*What the exercise asks*
The result should be an exact copy of the entries that follow, with no pictures included.

*Source data*
_ _ _ _
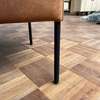 Haveco Hugo Fauteuil - Details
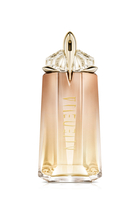 Alien Goddess Supra Flora Eau de Parfum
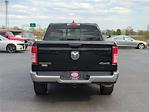 2022 Ram 1500 Crew Cab 4x4 Pickup for sale #RU1855 - photo 4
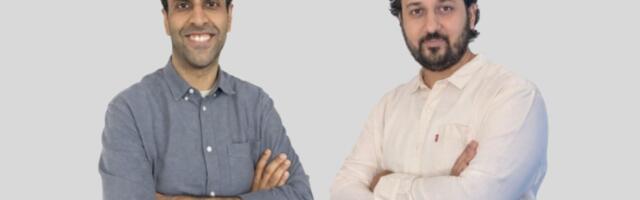 HireBound Bags $2 Mn To Streamline Recruitment With AI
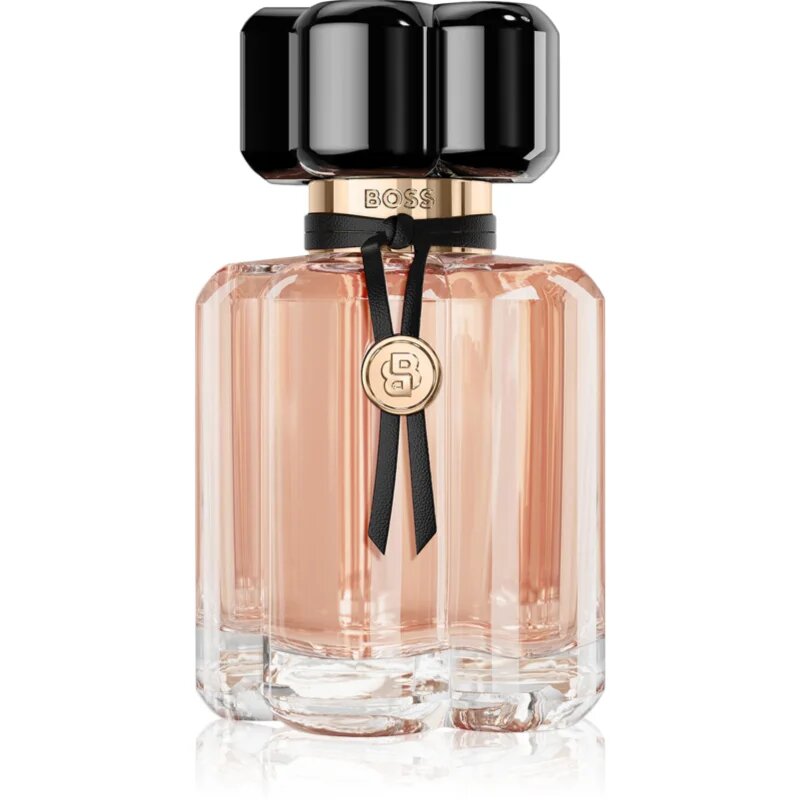 Hugo Boss BOSS Bottled Beyond парфюмна вода за жени 50 мл.
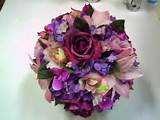 Bulk Wedding Flowers Packages Pictures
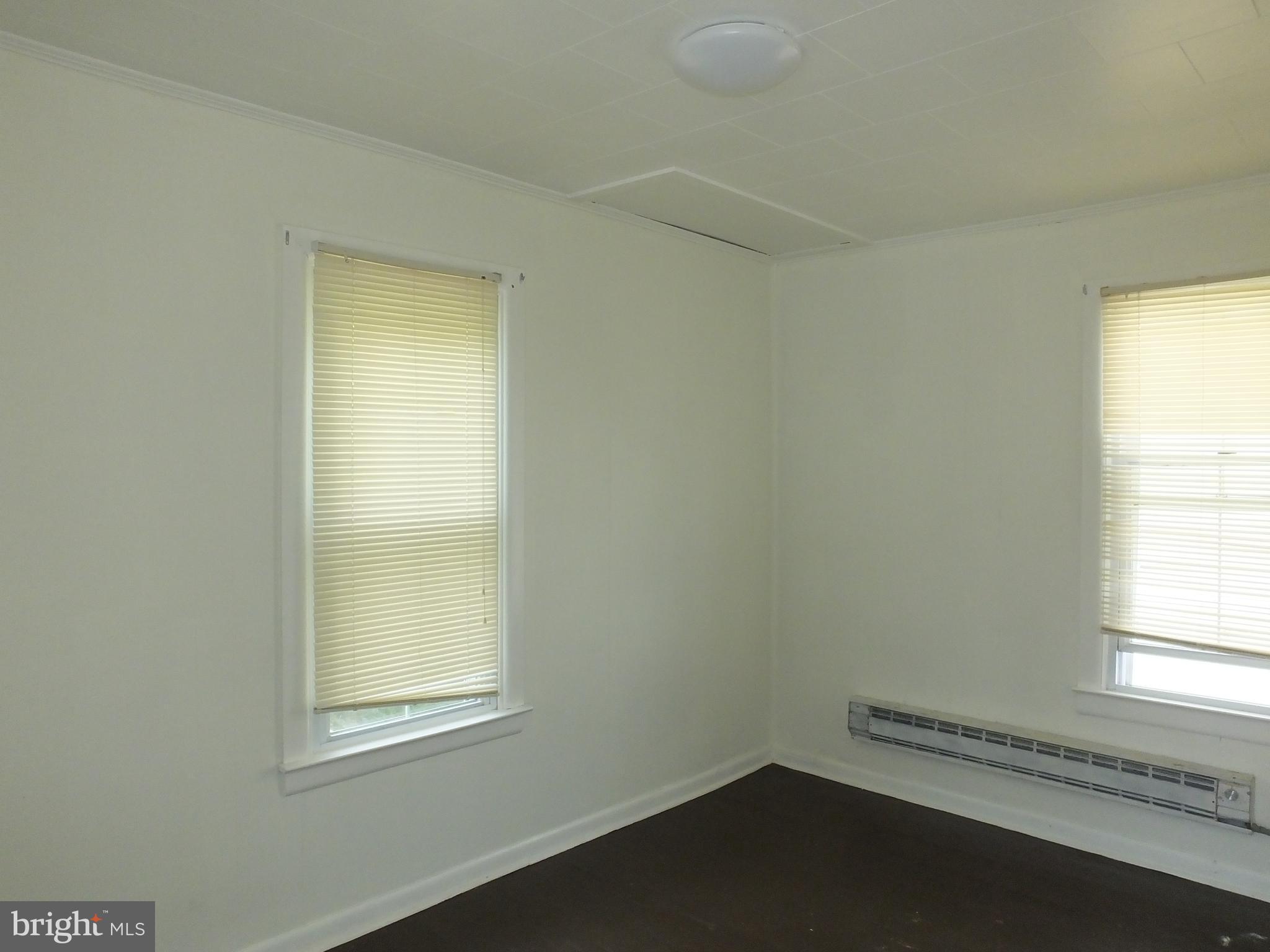 CAMBRIDGE - Residential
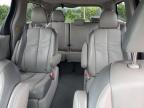 2011 TOYOTA SIENNA XLE   for sale at Copart QC - MONTREAL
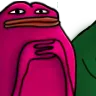 HmmCouncil2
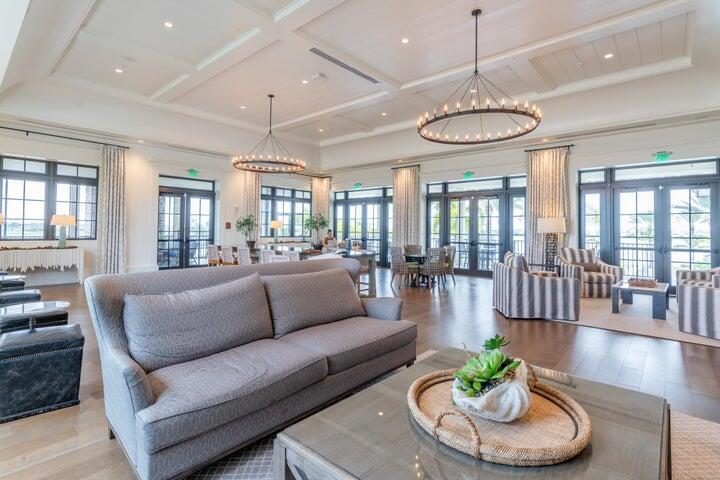 Arden - Residential Lease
_ _ _ _
*Reply*
 Haveco Hugo Fauteuil - Details
 Alien Goddess Supra Flora Eau de Parfum
 2022 Ram 1500 Crew Cab 4x4 Pickup for sale #RU1855 - photo 4
 HireBound Bags $2 Mn To Streamline Recruitment With AI
 Hugo Boss BOSS Bottled Beyond парфюмна вода за жени 50 мл.
 Bulk Wedding Flowers Packages Pictures
 CAMBRIDGE - Residential
 2011 TOYOTA SIENNA XLE   for sale at Copart QC - MONTREAL
 HmmCouncil2
 Arden - Residential Lease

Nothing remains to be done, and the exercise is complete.